Veteran gets a new start

Schon P. began serving in the Navy in 1988. He always dreamed of traveling to different places and wanted to serve his country. One of Schon’s favorite experiences about being in the military was Basic Training in San Diego. “It was fun, he said. Kind of like mind games.” Being away from home was hard for Schon. He missed his friends and family and being in familiar places.

Schon had been sleeping on the streets in Evansville for two years. He says he was addicted to drugs and didn’t have a job, license or car. A friend of Schon’s paid another friend $120 to drive Schon up to Indianapolis where he would go to rehab. The friend bought him a nice dinner and paid for the hotel room that night. Schon was dropped off at Fairbanks Alcohol & Drug Addiction Treatment Center the next morning.
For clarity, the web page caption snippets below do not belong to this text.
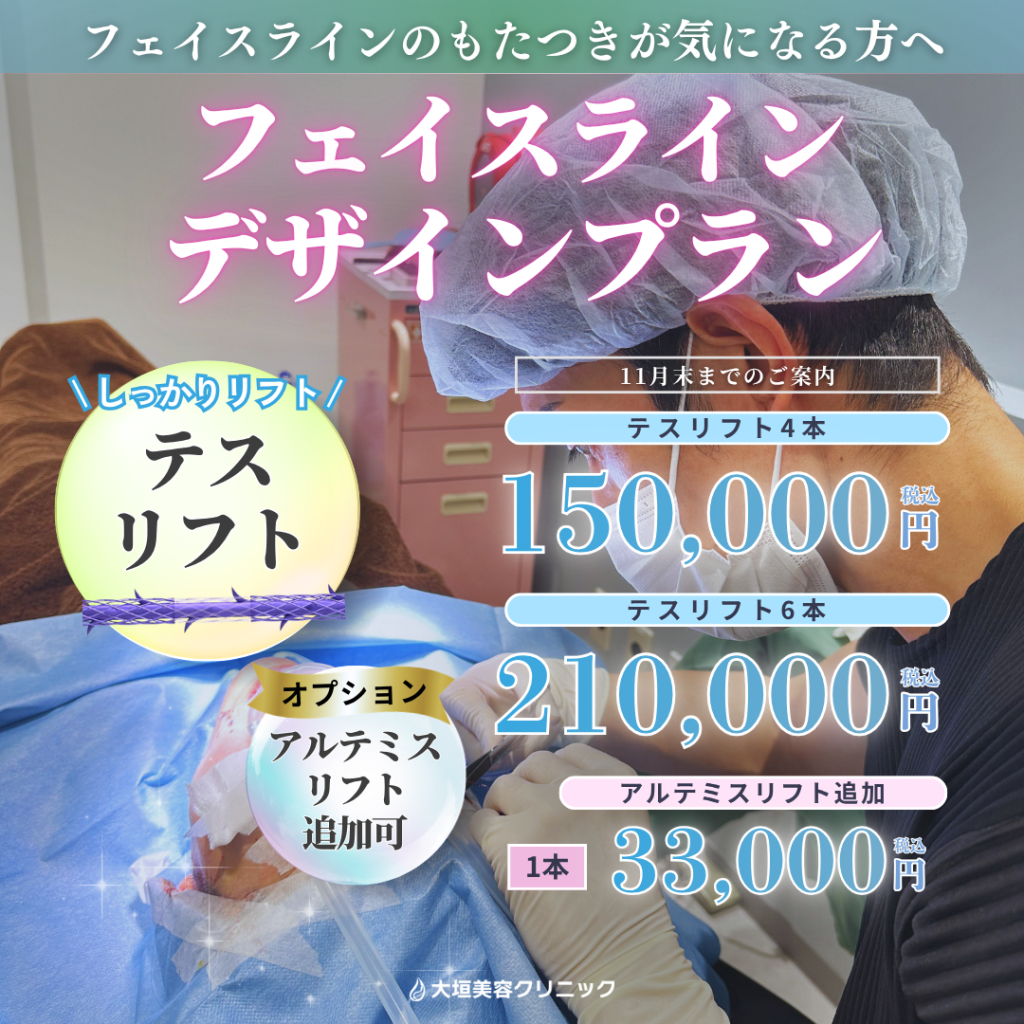 【11月限定】フェイスラインデザインプラン｜テスリフト4本 150,000円〜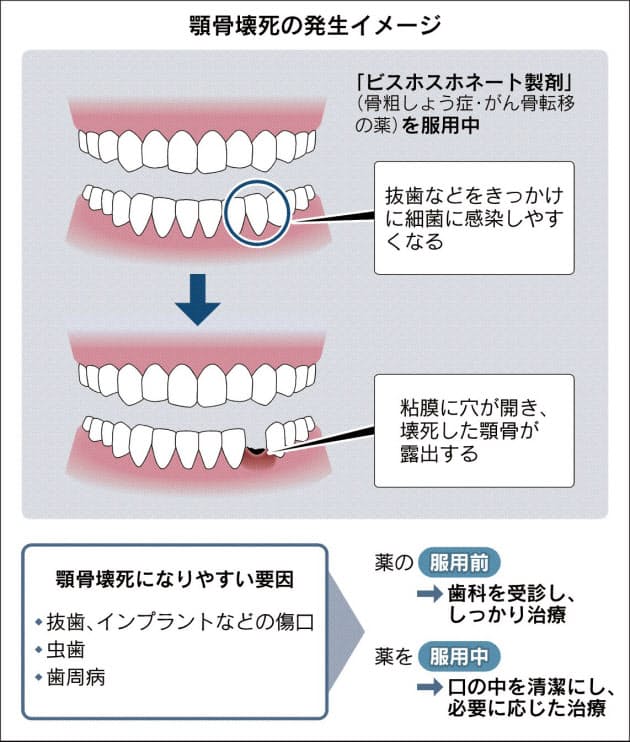 骨粗しょう症薬 使用に留意 副作用で顎の骨壊死 ヘルスｕｐ Nikkei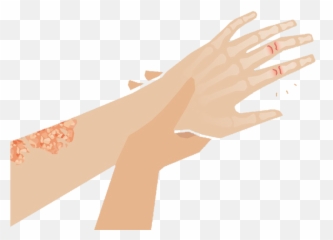 Psoriatic Arthritis - Clinlife Emoji,Pointed Hand Emoji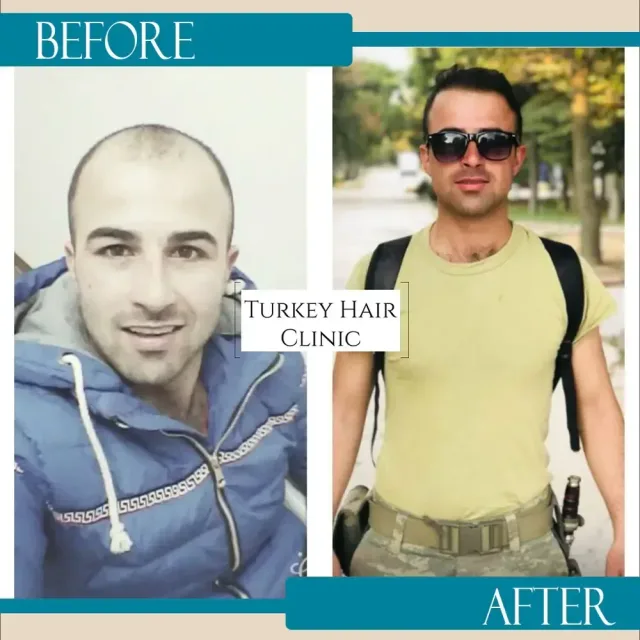 Hair transplant before and after collage — Turkey Hair Clinic, result 45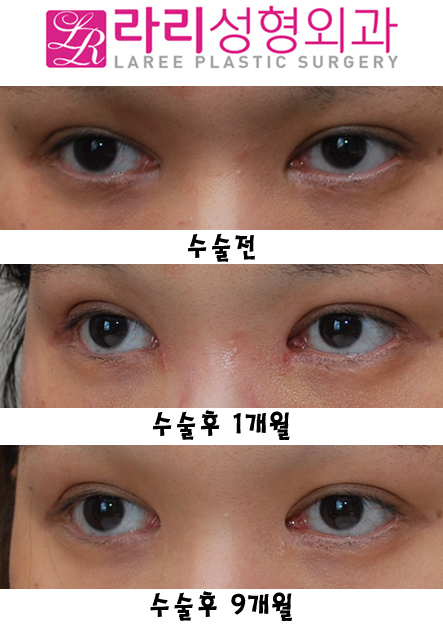 앞트임복원 후 모양변화 관련 이미지 4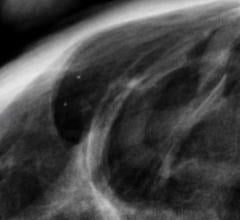 FDA Proposes New Rules for Mammography Reporting and Quality Improvement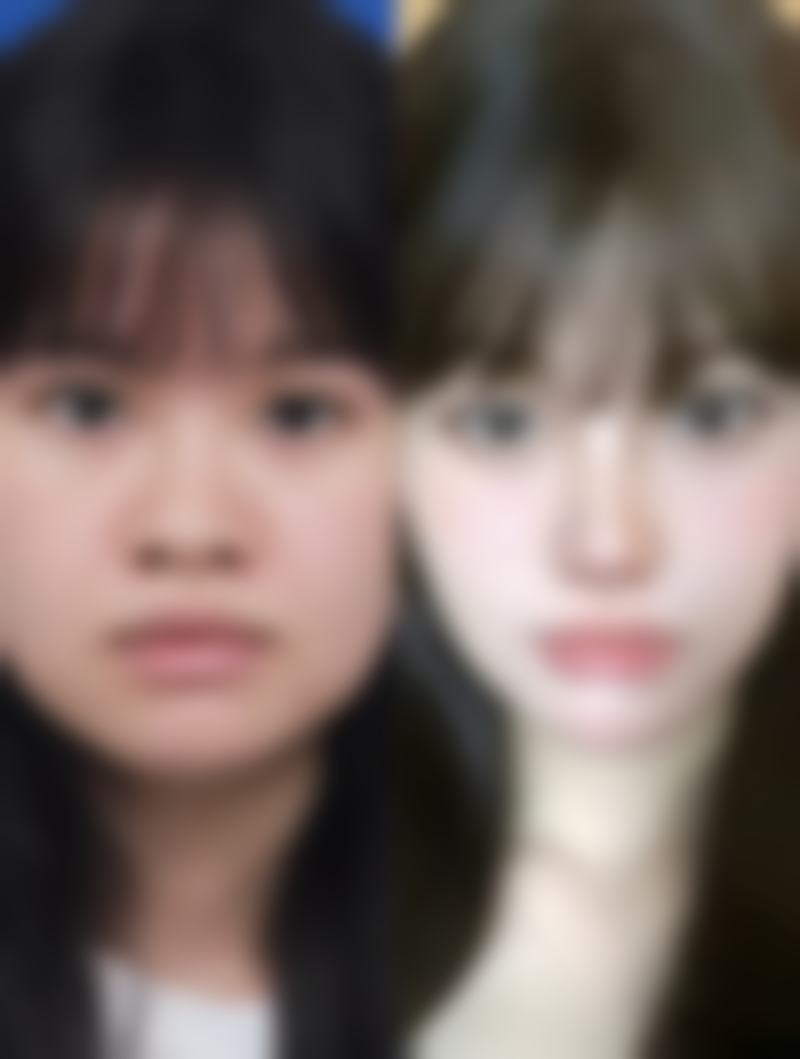 五、隆鼻后的注意事项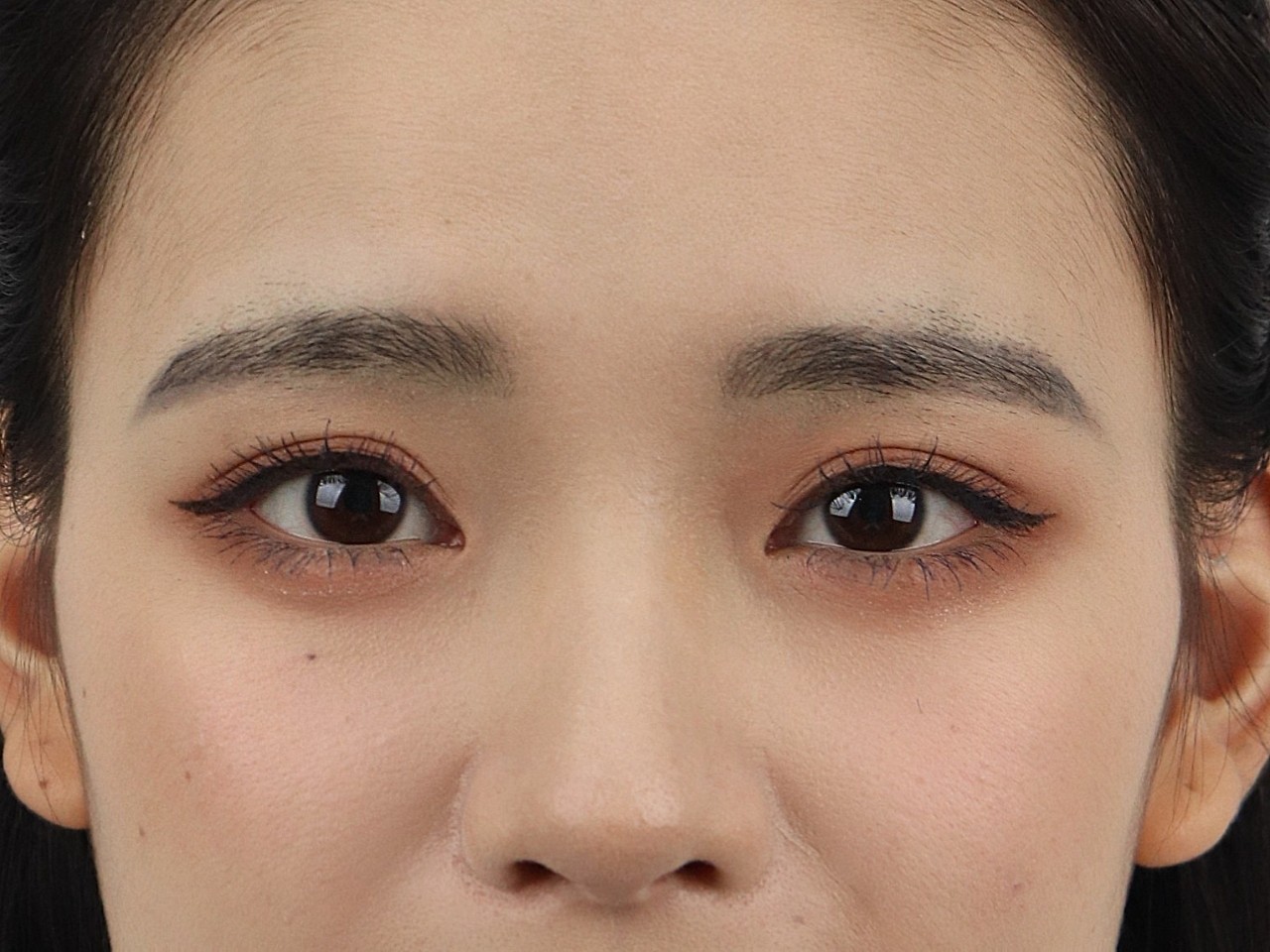 术前诊断术前情况:双眼呈单睑,双眼裂大小基本对称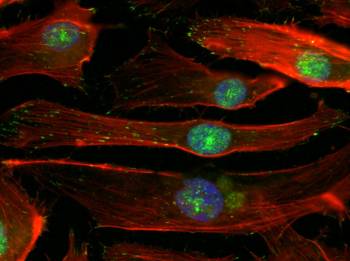 Améliorer le traitement des maladies cardiovasculaires à l'aide d'endoprothèses biomimétiques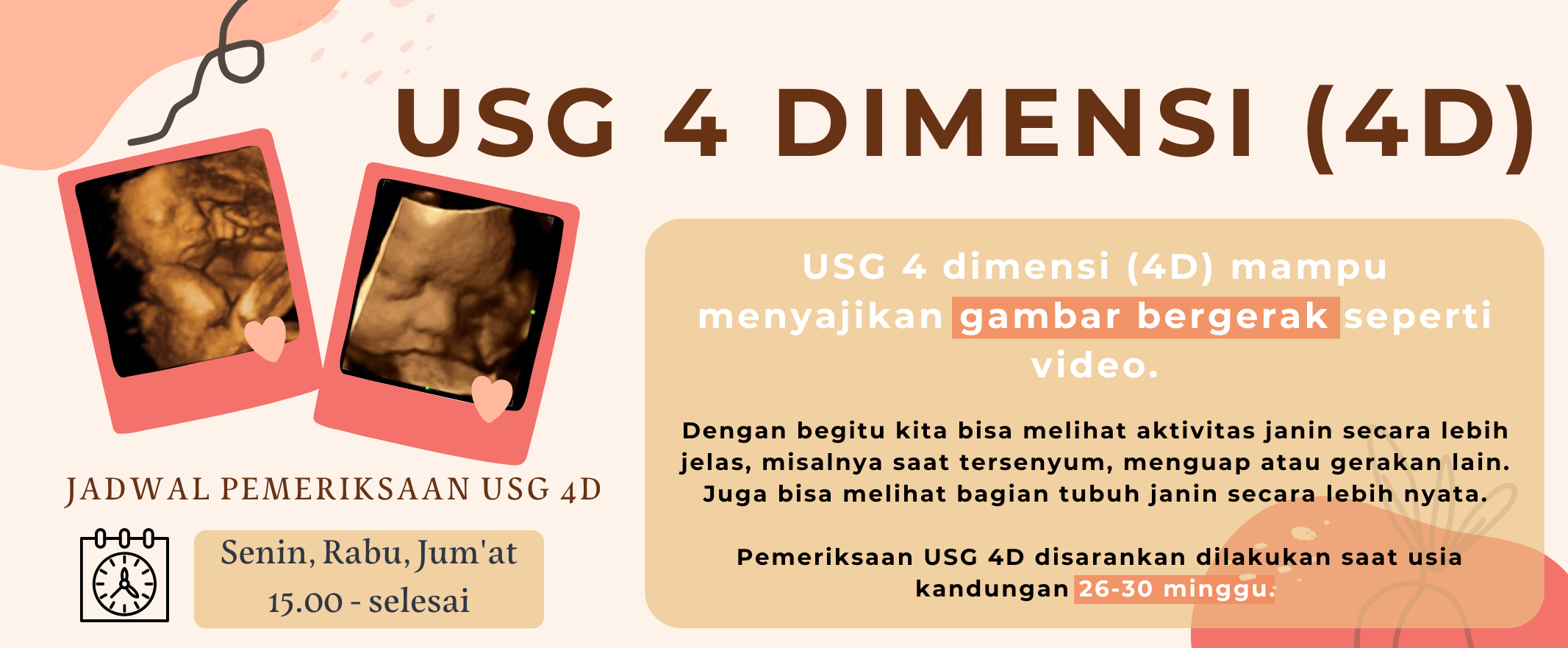 slide four - usg 4d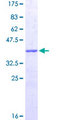 CORO1C Protein - 12.5% SDS-PAGE Stained with Coomassie Blue.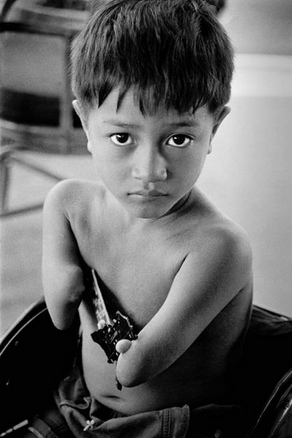 Gensch�den durch Agent Orange, fehlende Arme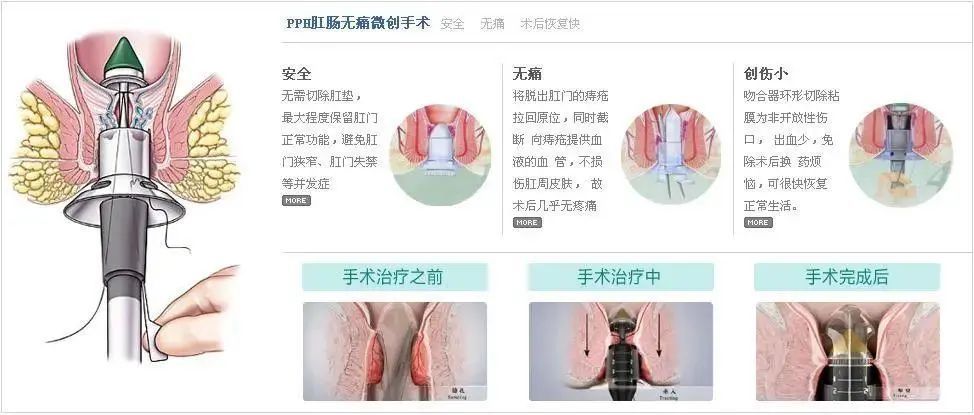 痔疮手术最新技术，科技重塑医疗之旅，引领治疗新篇章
While in Indy, Schon started asking around about organizations that helped veterans and found HVAF. He is very thankful for everything HVAF has done. “I’ve come a long way since living on the streets.” He worked with Kevin Hillman, HVAF’s employment coordinator. Schon has been saving up money to buy a car. He believes he will be moving out of HVAF’s Moreau housing fairly soon and into his own place. In February 2017, Schon started working at ThreeM in Indianapolis. He is thankful for a fresh start.